G, I have just this morning got a letter from customs requesting "proof of purchase" for an item which I purchased last week on ebay from China.  I rang them and was asked the value, which they accepted, and I must pay the postman on delivery.  I presume the same thing should have happened in your case.
Hope this helps.


----------



## car (9 Sep 2004)

*customs*

G,
As aine has said, they'll use the contact details on the delivery slip to contact you.  If your phone number is on it, then they'll ring you and you can pay there and then with visa (at least thats what I did!).


----------



## rainyday (11 Sep 2004)

*Re: customs*



> When I buy stuff from the USA I ask the seller to devalue the item for customs purposes.

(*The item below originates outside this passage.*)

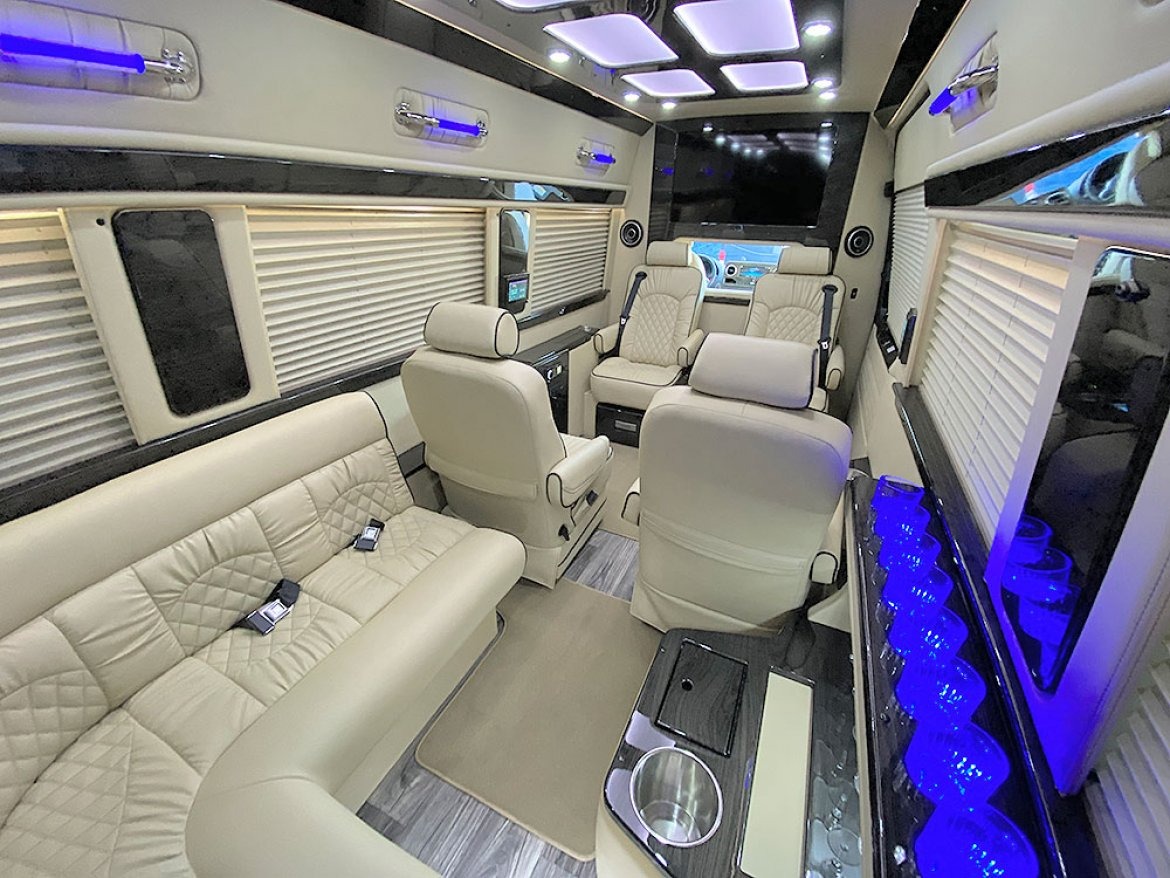 Jet-style Sprinter interior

Ain't it great to see that the good oul Haughey/Burke/Lawlor traditions of depriving the State of its rightful income are alive & well.


----------



## tobo (11 Sep 2004)

*duty scam*

Perhaps any posts which suggest, promote or advocate illegal activty, such as defrauding the Revenue, should be removed by moderators of all AAM forums!


----------



## jister (14 Sep 2004)

*delivery*

I received an item yesterday from the States, which cost me $50 on Ebay. The customs docket had it marked as a gift and valued at $10. I was not charged anything by customs.


----------